- Provided data -
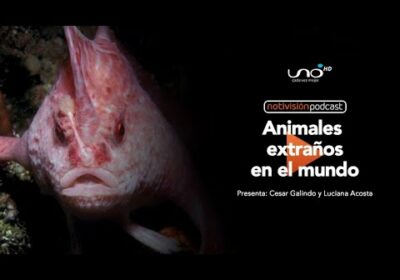 NTV Podcast Ep. 47:  Animales extraños en el mundo
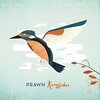 Prawn 「Kingfisher」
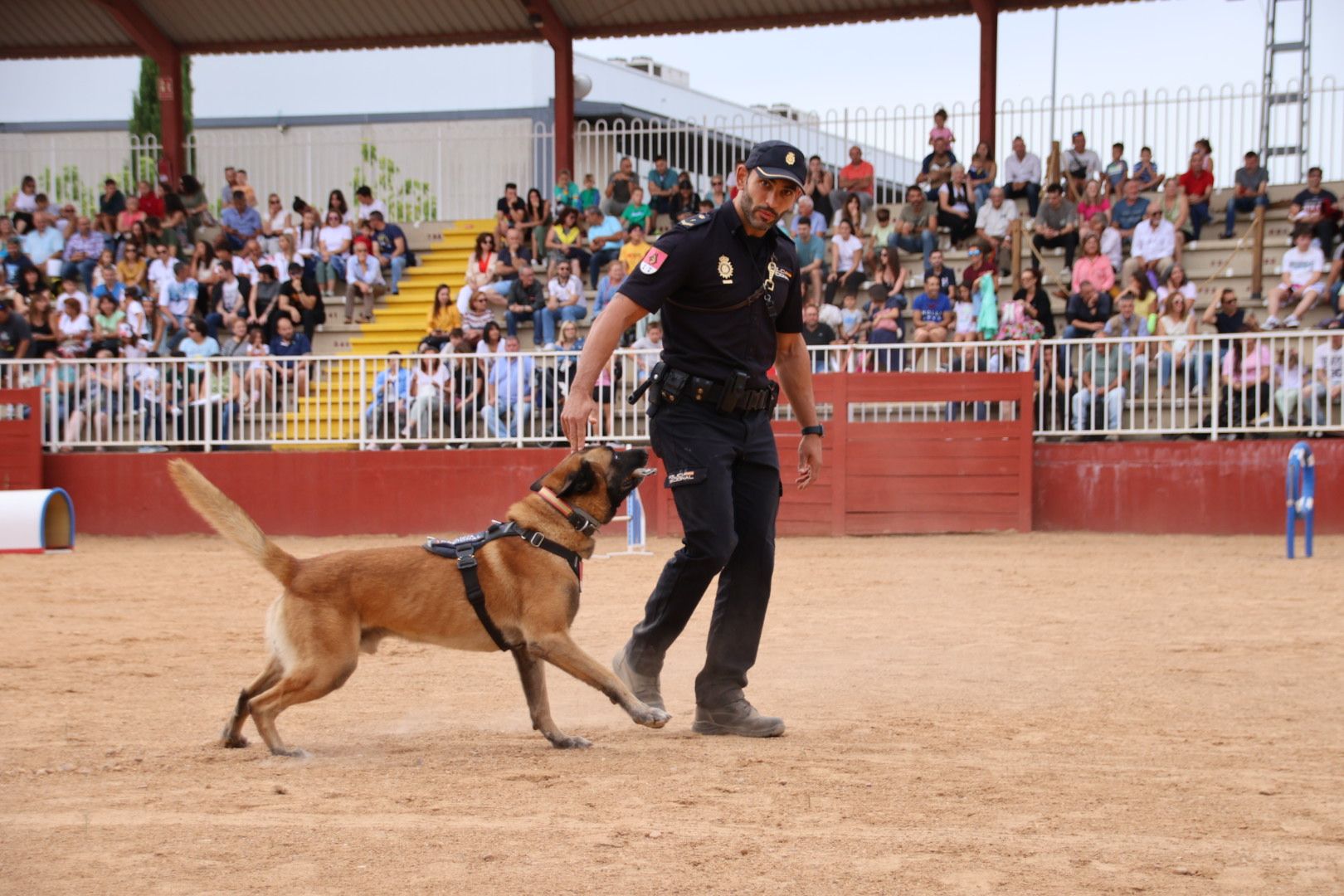 Exhibición canina policía nacional en Salamaq 2024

- Exercise brief -
Only exact copies are wanted here. Write out the lines from the one containing "Prawn 「Kingfisher」" through the end of the material and no others, omitting all pictures.

- The completed task -
 Prawn 「Kingfisher」
 Exhibición canina policía nacional en Salamaq 2024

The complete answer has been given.